Important! The limit for providing deductions for personal income tax is 350,000 rubles. This means that if an employee’s cumulative income from the beginning of the year has reached this figure, then personal income tax deductions will not be provided to him.
Nuances
To obtain privileges for children, a limit of 350,000 rubles is applied. If an employee claims a deduction of a property nature, then it is recommended that he first apply for a deduction of standard types, and then take into account all its other types. This calculation principle is due to legislative restrictions on the standard deduction, which presuppose the possibility of its use only in the current year. The secondary importance of the deduction for acquired property is due to the possibility of transferring its calculation to the next annual period.
Restrictions apply to social deductions. The maximum amount is limited to 120,000 rubles. This does not take into account the amount that was used by a person for a specific purpose, which is included in the list of regulated circumstances. The concept of limiting does not apply to certain types of treatment that are expensive, for which a person can receive the full amount of the deduction. It must be issued in the year of the cash expenditure. The following year, registration of receipt of money cannot be made.

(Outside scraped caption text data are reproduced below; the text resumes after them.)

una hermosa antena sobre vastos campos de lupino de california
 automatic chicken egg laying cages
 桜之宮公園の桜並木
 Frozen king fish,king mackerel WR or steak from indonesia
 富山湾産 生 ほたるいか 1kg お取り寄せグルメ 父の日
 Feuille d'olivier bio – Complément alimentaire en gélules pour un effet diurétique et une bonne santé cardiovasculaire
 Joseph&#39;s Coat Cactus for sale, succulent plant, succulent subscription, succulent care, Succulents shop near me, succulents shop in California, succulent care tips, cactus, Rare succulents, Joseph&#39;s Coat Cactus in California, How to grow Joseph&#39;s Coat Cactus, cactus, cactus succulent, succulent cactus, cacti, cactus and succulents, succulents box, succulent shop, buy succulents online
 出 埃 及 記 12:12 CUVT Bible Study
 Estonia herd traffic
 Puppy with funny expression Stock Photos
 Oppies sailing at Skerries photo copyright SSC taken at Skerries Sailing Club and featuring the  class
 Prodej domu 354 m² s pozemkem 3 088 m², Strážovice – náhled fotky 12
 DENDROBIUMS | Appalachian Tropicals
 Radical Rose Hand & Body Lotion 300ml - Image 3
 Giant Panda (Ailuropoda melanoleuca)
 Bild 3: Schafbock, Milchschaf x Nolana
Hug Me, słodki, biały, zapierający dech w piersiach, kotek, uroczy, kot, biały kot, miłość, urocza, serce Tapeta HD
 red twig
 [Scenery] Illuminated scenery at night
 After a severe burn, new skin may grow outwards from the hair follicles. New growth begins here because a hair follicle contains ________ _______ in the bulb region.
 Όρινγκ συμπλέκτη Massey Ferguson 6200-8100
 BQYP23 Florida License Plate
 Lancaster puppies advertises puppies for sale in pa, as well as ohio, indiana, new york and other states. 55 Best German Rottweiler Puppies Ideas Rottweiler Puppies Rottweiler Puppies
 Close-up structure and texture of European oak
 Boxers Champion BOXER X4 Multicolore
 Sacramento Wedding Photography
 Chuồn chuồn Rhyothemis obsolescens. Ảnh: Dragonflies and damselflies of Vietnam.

An internal part-time worker works at one company, but holds two positions. For each of them, wages are paid. It is the base value in calculating the total amount of income calculated from the first day of the annual period. When conducting settlement transactions, the total amount of contributions to the budget under the heading “taxes” is determined. It applies to the entire tax amount. In this case, the limit values of the parameter are taken into account.
Answers to frequently asked questions
Question No. 1. What determines the size of the child deduction for a part-time partner?
The size depends on how many children the applicant has:
- for the first child the amount is 1,400 rubles;
- for the second child the amount is also 1,400 rubles;
- for each additional child – 3,000 rubles;
Question No. 2. What is the legal framework for deductions for part-time workers?
The following documents must be followed:
- Article 218 of the Tax Code of the Russian Federation;
- Article 219 of the Tax Code of the Russian Federation;
- Article 220 of the Tax Code of the Russian Federation;
- Letter from the Ministry of Finance of Russia dated 03-04-05/16332.
Question No. 3. Is it possible to get a deduction in advance of paying taxes? Answer: no, it is not possible.